Not staying orthogonal has really made any big project a nightmare. Once your codebase is massive, small changes can have big, annoying consequences if you do not keep each system independent from others. Apple tries it’s hard to inject the idea of a Model-View controller into your head, and I get the point.
The human mind loves being rewarded and I’ve previously done a poor job of giving myself little rewards as I continually progress through my project. My last project I spread my attention and never focused on finishing a single part of it — I got zero reward from actually finishing even one screen from the game.
Not getting any validation or feeling of rewards sucked, but I also worked with people I did not enjoy working with. Be picky about partnerships with others, you might find yourself wasting a massive amount of time working with people you have little chemistry with.
I hate stressful, failed projects (duh), so I’ve really been thinking about how I can follow through with the next one. Here’s some of my hypothesis:
Separate the project into several mini projects. There are a lot of challenges ahead, so I’ve broken them down into related areas and plan on tackling them one by one. I want to keep my head focused on the mini project itself, so my mind isn’t caught dwelling on the size of the large project. This also forces me to be orthogonal. One project at the end will be dedicated to polishing and connecting all the elements together.
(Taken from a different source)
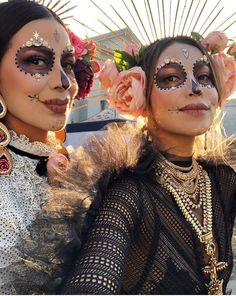 two women with face paint and flowers on their heads are posing for a photo together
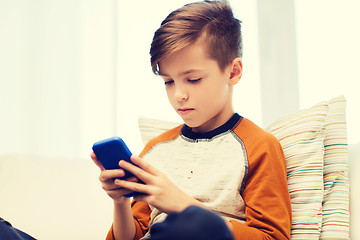 Image showing boy with smartphone texting or playing at home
I’m not going to overwork myself. I’ve tried the 10 hour a day, everyday approach, and I felt like this cramped my creativity and turned me more into a obsessive, unproductive nervous wreck. I’m keeping my hours limited and I’m not going to shy away from other hobbies.
I’m not going to be shy about getting others involved. Don’t hide your project if you want to finish it. I know the fear of rejection is powerful but if you don’t get it out there then you aren’t getting any ideas from other amazingly creative people. Now that being said:
I’m not going to let just anyone work on the project just because they want to. I’ve seen plenty of people, including myself, throw themselves onto a team, making assumptions that everyone is driven, dedicated, fun and creative as you only to be severely disappointed.
I’m certainly not going to turn away everyone, but instead of approaching people to jump into a project, why not just ask to chat with them, get to know them a bit, discuss random topics, then see how you like em and go with it then?
These are my hypothesis. I start my project tomorrow, it’s a iOS game and I will share neat things I learn and make along the way.